* Exercise material *
☆ ☆ ☆ ☆
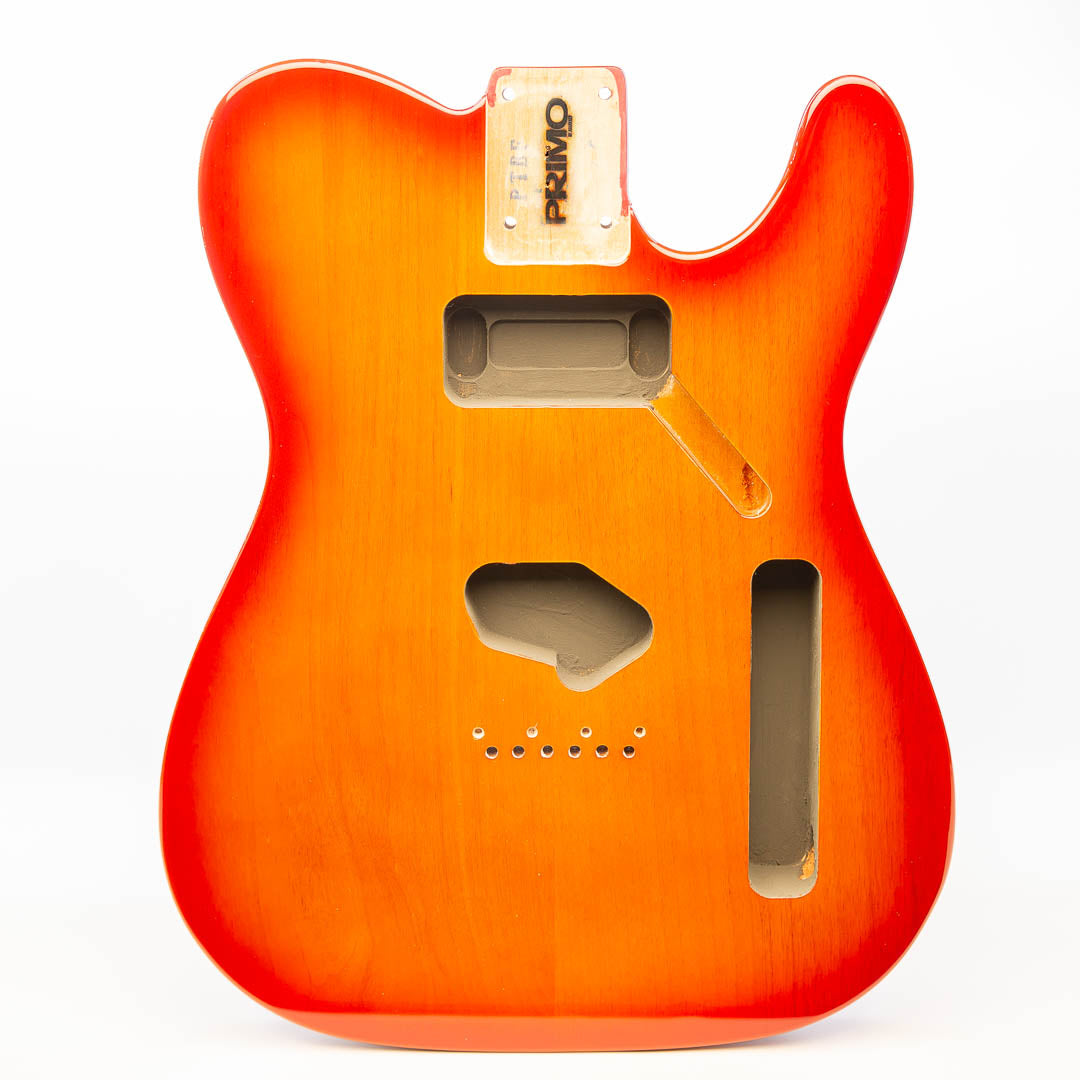 Primo Replacement Tele Body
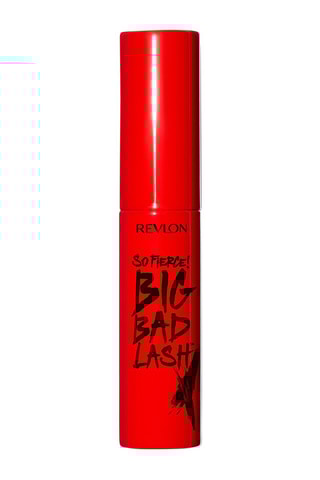 Mascara So Fierce Big Bad Lash - N°760 Blackest Black NWP - 10 ml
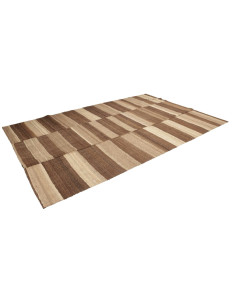 Kilim Kavir 207x316 Cm Kilim Kavir, Persia, Lana Cardata A 2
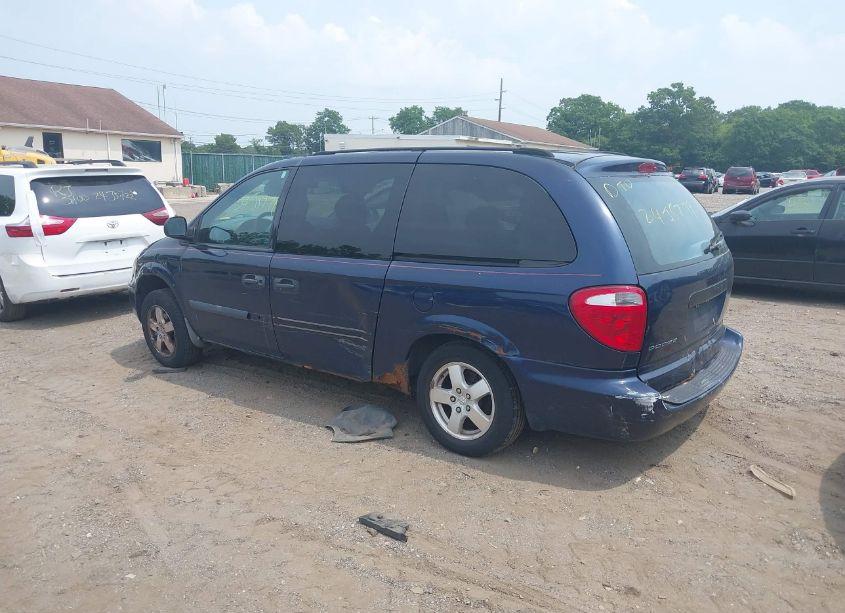 Photo 3 of 2006 Dodge Grand CARAVAN SE (VIN 1D4GP24R76B579776)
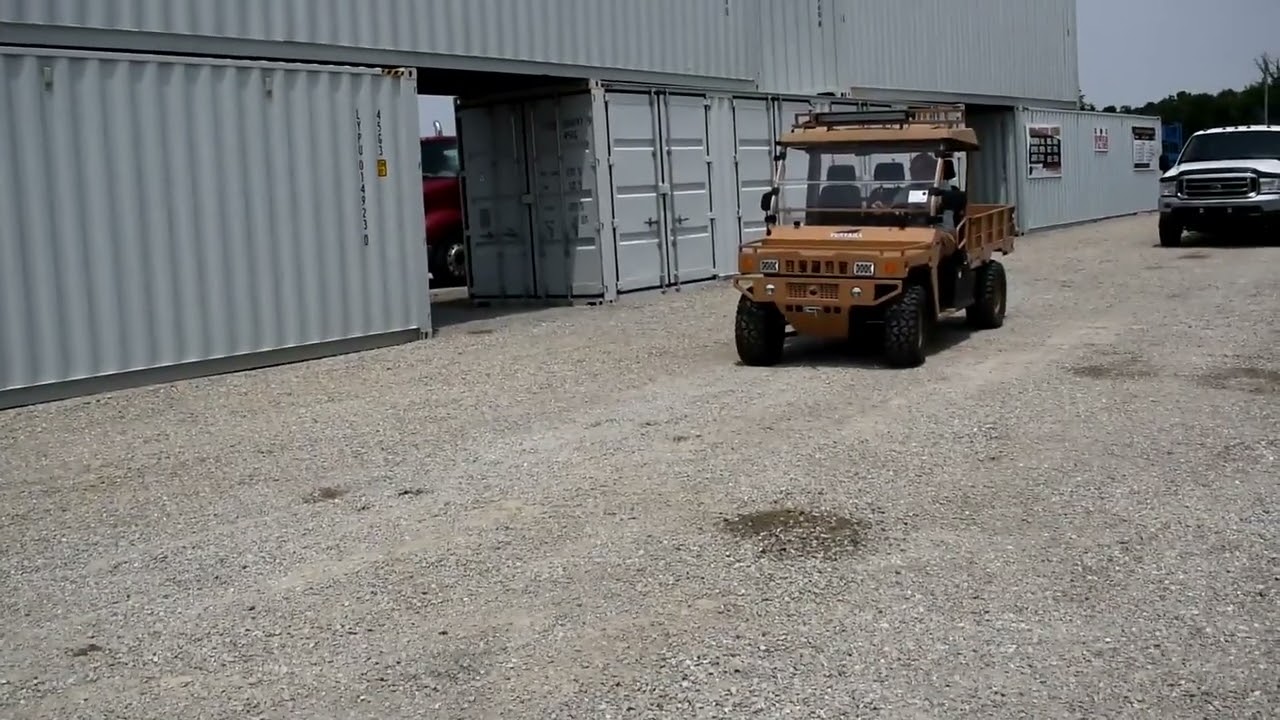 2021 TUATARA 1000 EFI For Sale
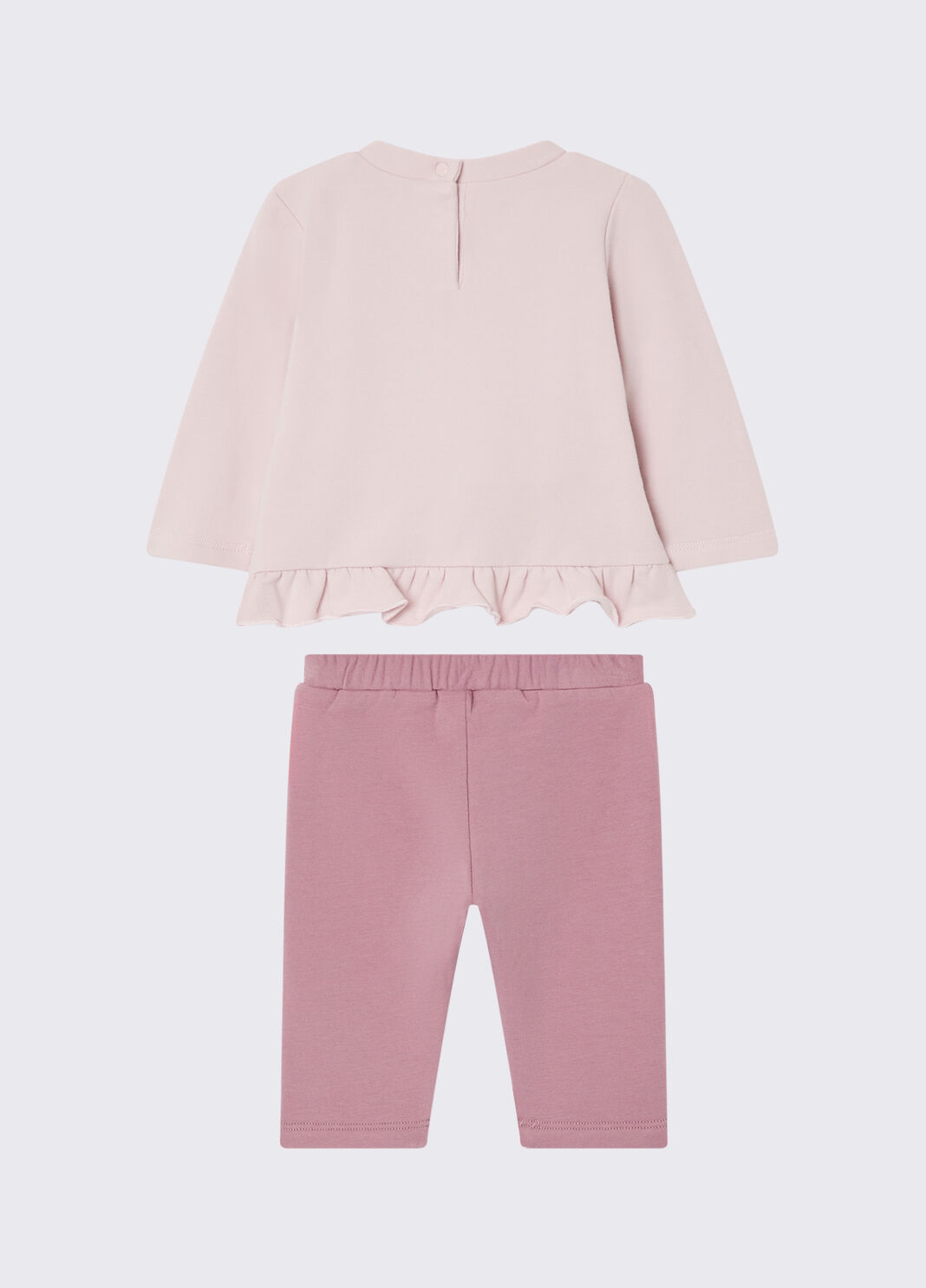 Top- und Leggings-Set rosa Liu Jo - large image number 1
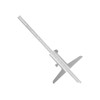 Depth Calliper, High-Precision Depth Caliper Made of Stainless Steel with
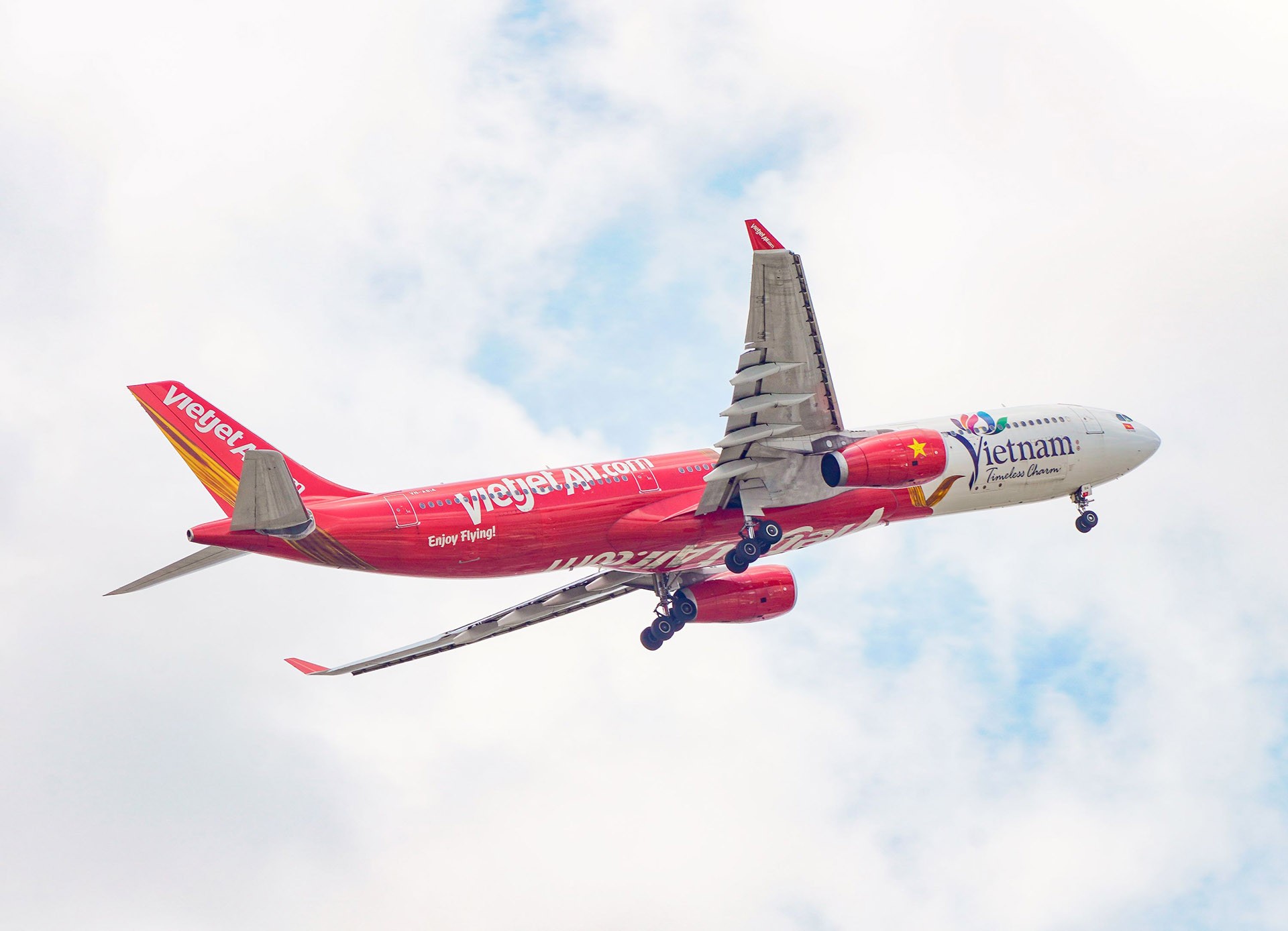 Bay khắp Australia, làm mới chính mình với vô vàn ưu đãi từ Vietjet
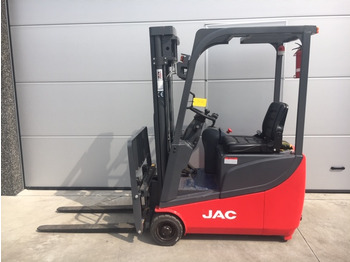 JAC CPD15 - Electric forklift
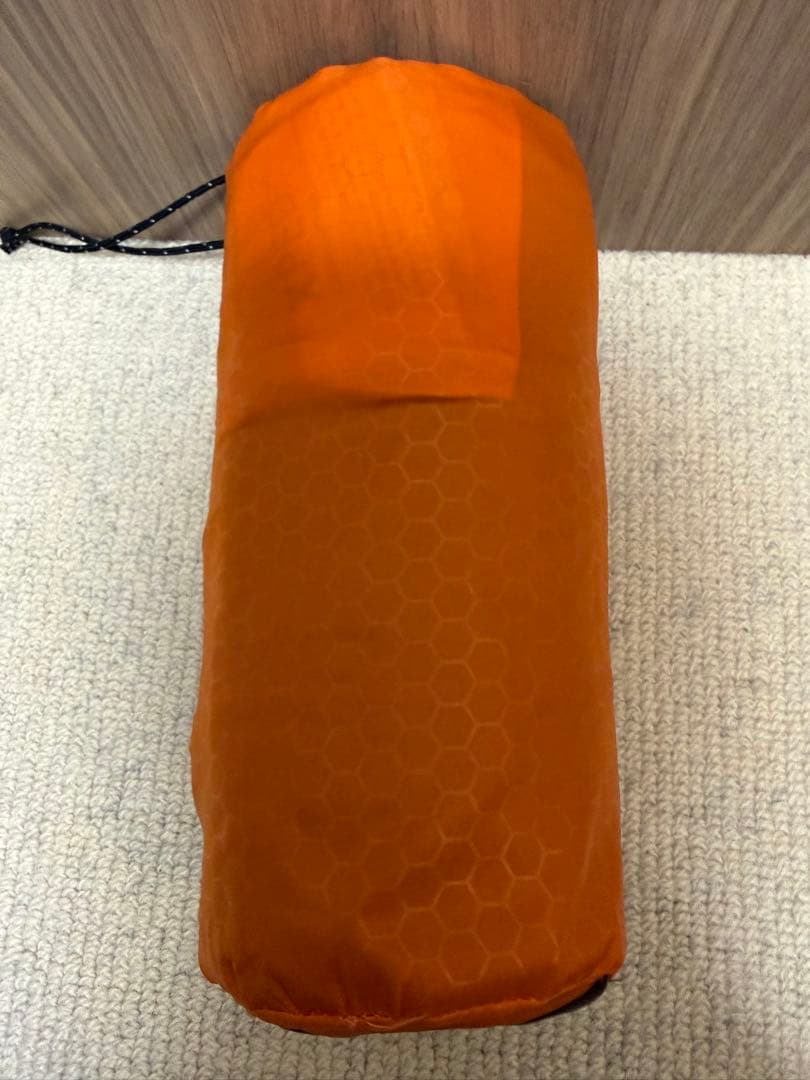 EXPED SynMat UL M スリーピングマット ウルトラライト - メルカリ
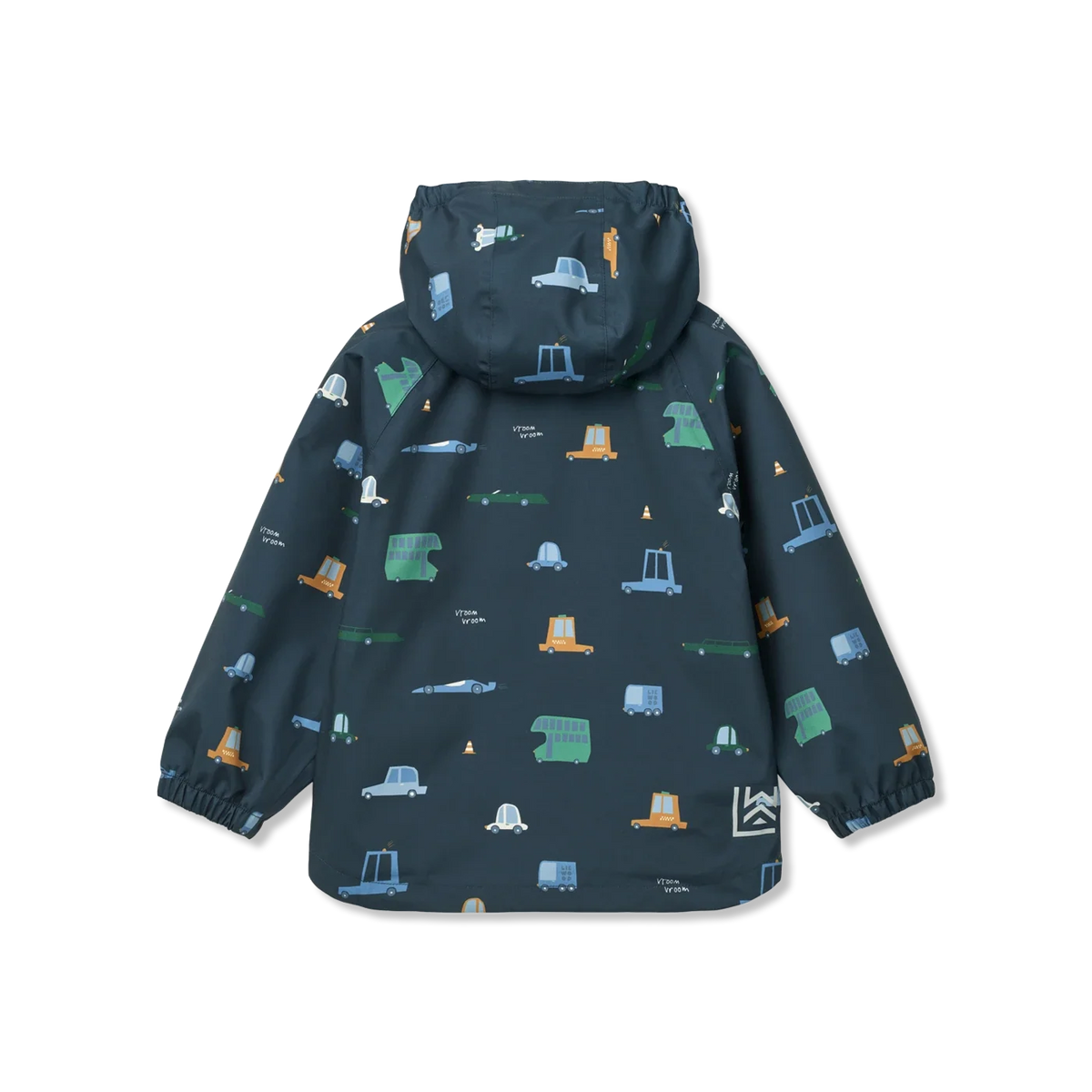 Pedia Regenkleding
☆ ☆ ☆ ☆
* Exercise objective *
If an entry contains an image, print the rest of that entry exactly and leave the image out.

* The completed task *
 Primo Replacement Tele Body
 Mascara So Fierce Big Bad Lash - N°760 Blackest Black NWP - 10 ml
 Kilim Kavir 207x316 Cm Kilim Kavir, Persia, Lana Cardata A 2
 Photo 3 of 2006 Dodge Grand CARAVAN SE (VIN 1D4GP24R76B579776)
 2021 TUATARA 1000 EFI For Sale
 Top- und Leggings-Set rosa Liu Jo - large image number 1
 Depth Calliper, High-Precision Depth Caliper Made of Stainless Steel with
 Bay khắp Australia, làm mới chính mình với vô vàn ưu đãi từ Vietjet
 JAC CPD15 - Electric forklift
 EXPED SynMat UL M スリーピングマット ウルトラライト - メルカリ
 Pedia Regenkleding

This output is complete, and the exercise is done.